**Records supplied:**
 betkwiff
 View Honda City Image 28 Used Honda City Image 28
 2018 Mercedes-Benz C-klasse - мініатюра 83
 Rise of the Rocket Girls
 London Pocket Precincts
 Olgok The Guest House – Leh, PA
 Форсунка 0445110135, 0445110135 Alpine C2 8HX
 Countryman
---
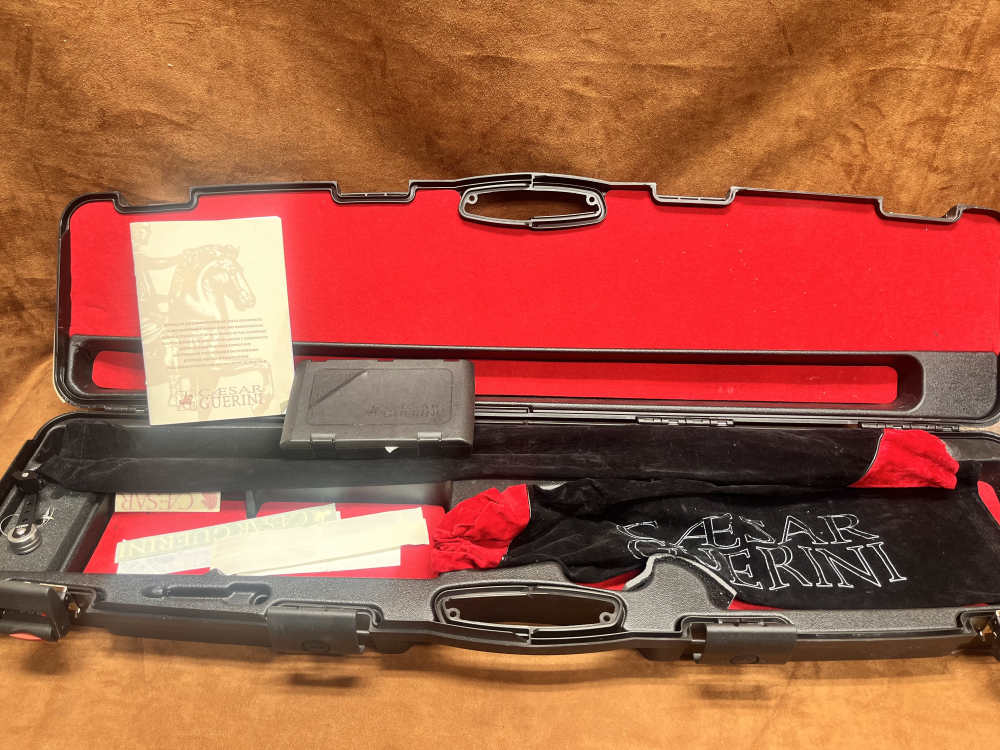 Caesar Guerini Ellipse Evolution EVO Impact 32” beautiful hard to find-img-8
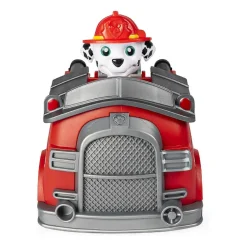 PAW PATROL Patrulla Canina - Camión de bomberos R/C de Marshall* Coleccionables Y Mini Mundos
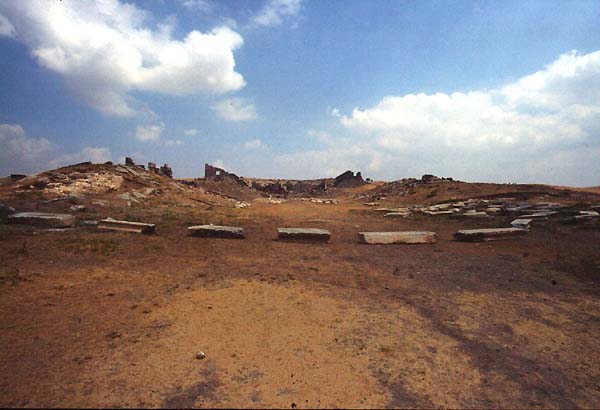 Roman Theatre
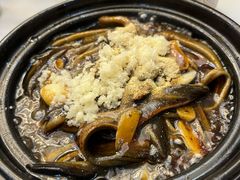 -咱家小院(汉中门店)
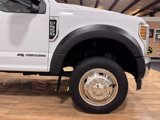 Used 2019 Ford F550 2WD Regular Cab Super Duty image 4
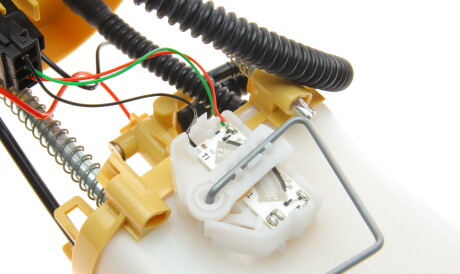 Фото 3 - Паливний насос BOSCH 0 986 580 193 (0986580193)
...
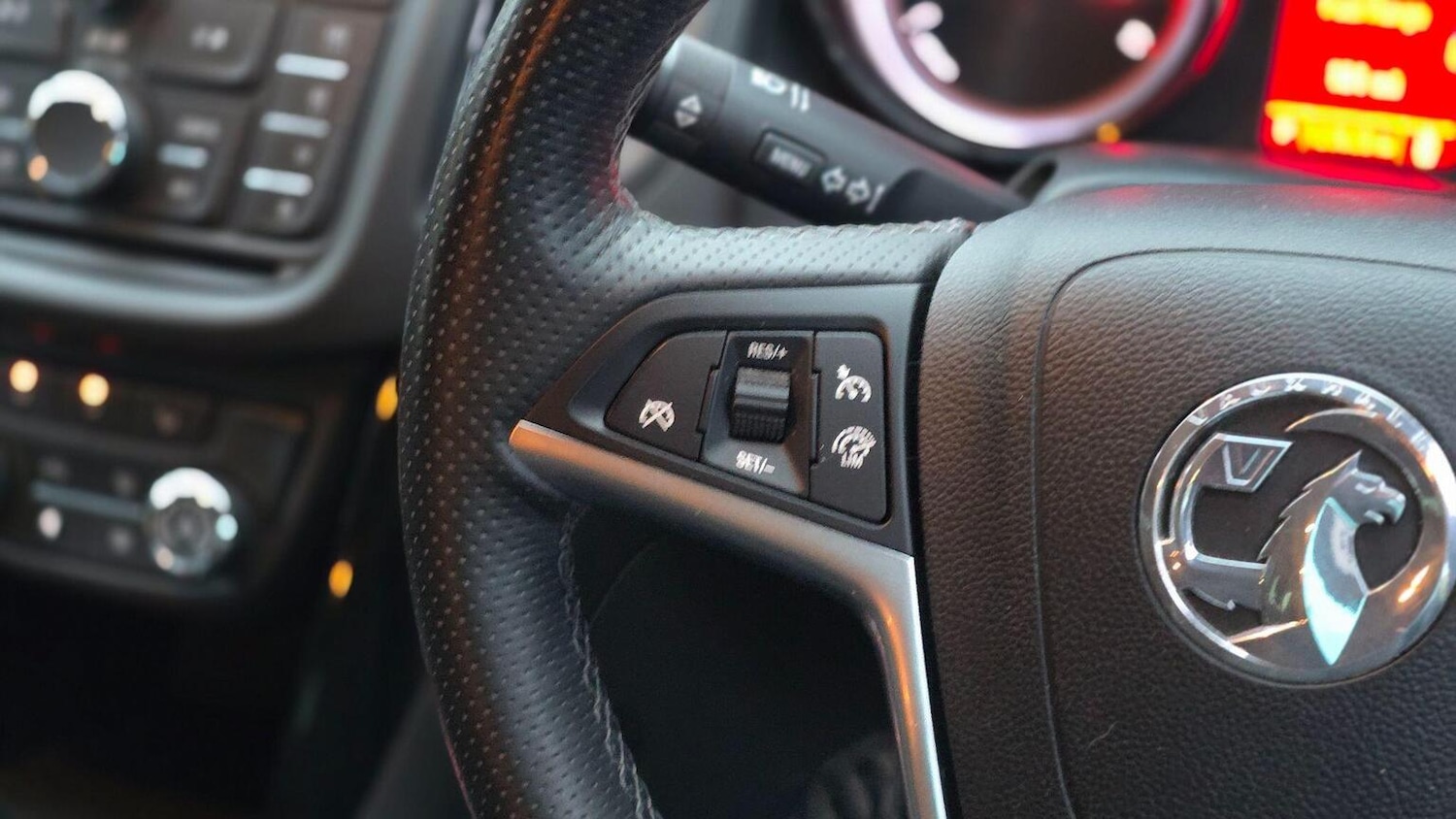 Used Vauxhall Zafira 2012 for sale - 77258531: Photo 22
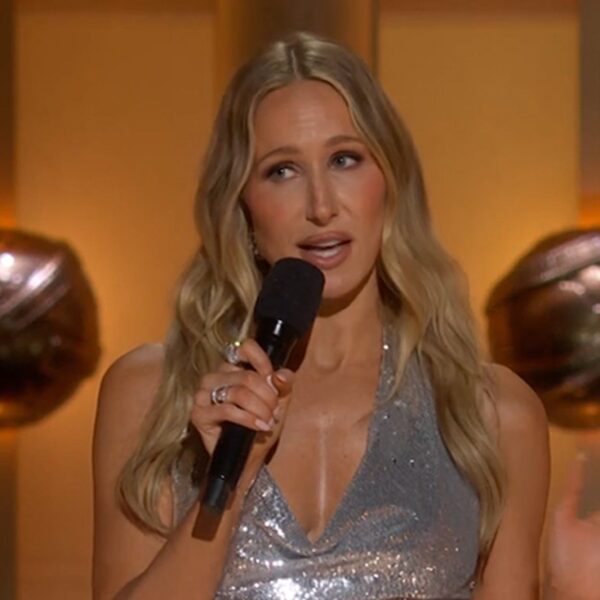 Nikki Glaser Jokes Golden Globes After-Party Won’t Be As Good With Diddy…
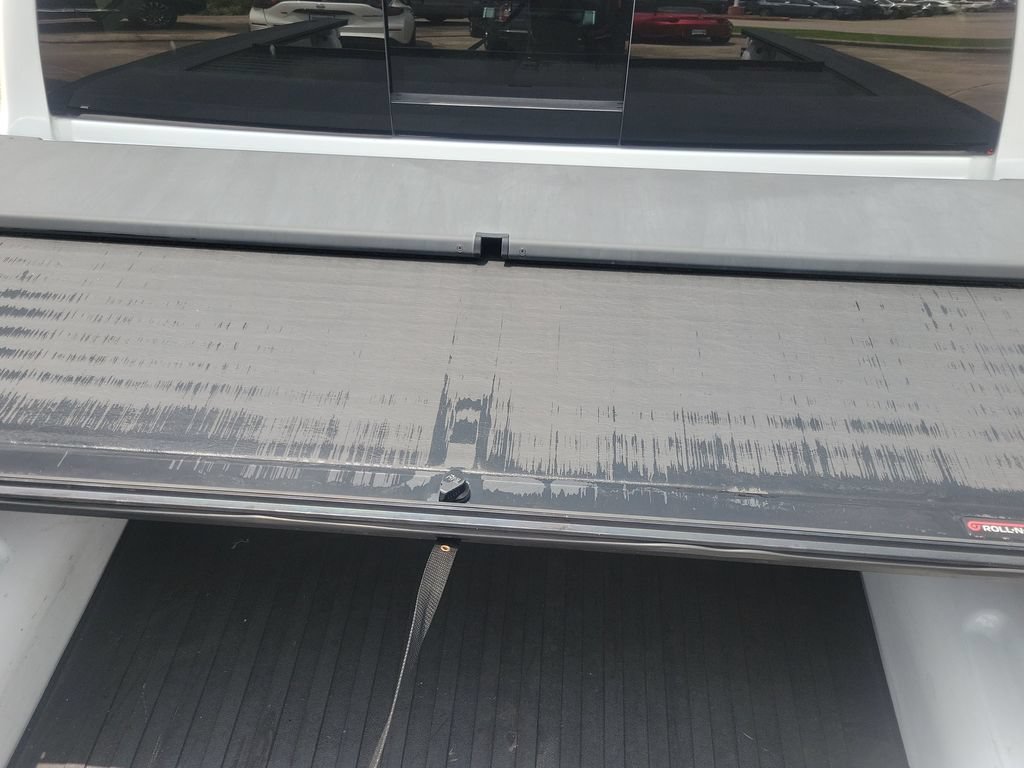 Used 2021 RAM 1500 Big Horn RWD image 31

**Your instructions:** From the line with "PAW PATROL Patrulla" up to and including the line with "Фото 3 - Паливний" above, retype every line exactly and nothing more; leave out the pictures.

**Answer space:**
 PAW PATROL Patrulla Canina - Camión de bomberos R/C de Marshall* Coleccionables Y Mini Mundos
 Roman Theatre
 -咱家小院(汉中门店)
 Used 2019 Ford F550 2WD Regular Cab Super Duty image 4
 Фото 3 - Паливний насос BOSCH 0 986 580 193 (0986580193)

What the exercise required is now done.